Il est tout à l’heure demain, peut-être même est-il déjà aujourd’hui et hier a-t-il disparu depuis que je vous écris. Encore un peu, car les nuits sont courtes en cette saison des jours sans limites, et Sainte-Gudule, que je ne vois pas du tout, dessinera sa flèche aiguë au Nord, et recevra le premier contact de l’aube. Mais je n’attendrai pas que le jour se lève. Il me suffit de vous avoir dit où je suis. Quant au dessein qui m’amène, il est des plus simples : voir de la peinture, n’en pas faire, oublier que j’en ai fait, et surtout le faire oublier, si je puis, à ceux qui me liront, si j’écris...
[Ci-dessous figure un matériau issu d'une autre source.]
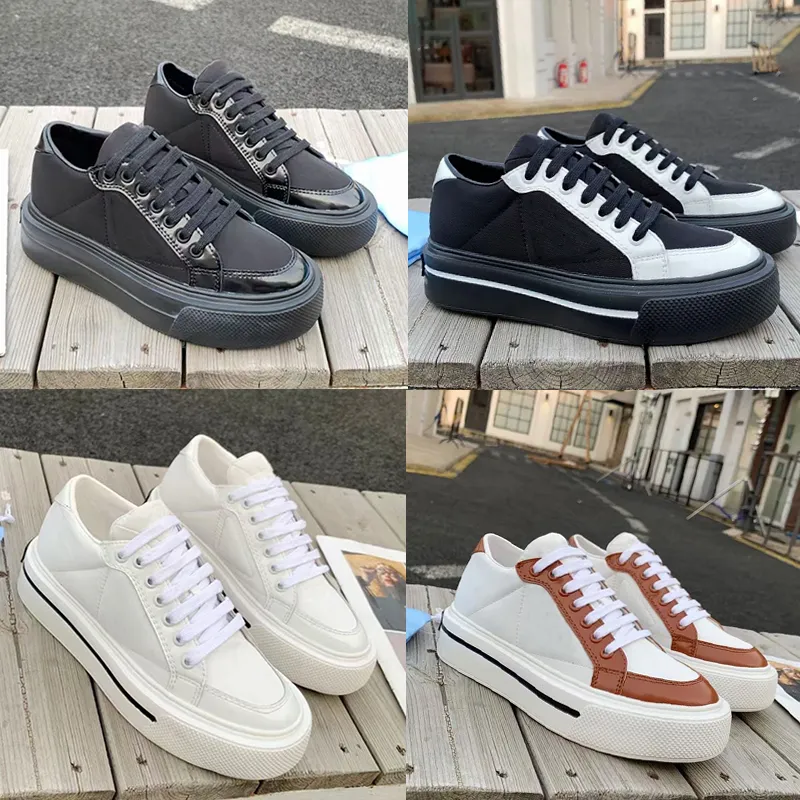 Designer re-nylon sneakers plattform skor kvinnor hög topp läder löpare tränare låg topp casual skor duk storlek 35-46 med låda 287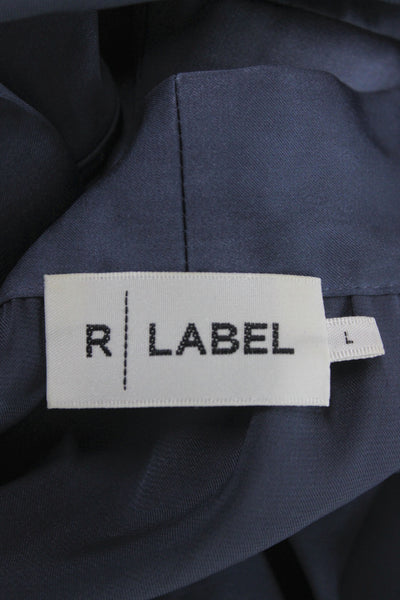 R Label Women Tunic Blouse Dark Blue V Neck Sleeveless Polyester Size L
A Madame Eugène Fromentin.

Même jour, 4 heures et demie. — J’ai fait, de dix heures à midi, une longue et très attentive visite au Musée : c’est à deux pas de l’hôtel, même place. Si je pouvais amener successivement à ma porte toutes les beautés de la Belgique et de la Hollande, j’aimerais bien cela, au lieu de les aller chercher. C’est étonnant comme j’aime à voir et peu à aller voir. Pour que le monde fût fait à ma guise, il faudrait qu’il se déroulât en cercle autour de moi, que j’occupasse au centre un bon fauteuil et que je pusse admirer ce qu’il contient de rare et de beau comme on lit un livre, sans trop bouger. Il est cinq heures à peine, et voilà que j’en ai assez pour aujourd’hui, du Musée ancien ce matin, du Musée moderne tout à l’heure. Je me suis déjà créé un chez moi, où je rentre avec plaisir ; d’ailleurs il fait chaud, et le soleil est dur dans ce quartier très ouvert qui rappelle en petit les solitudes de Versailles.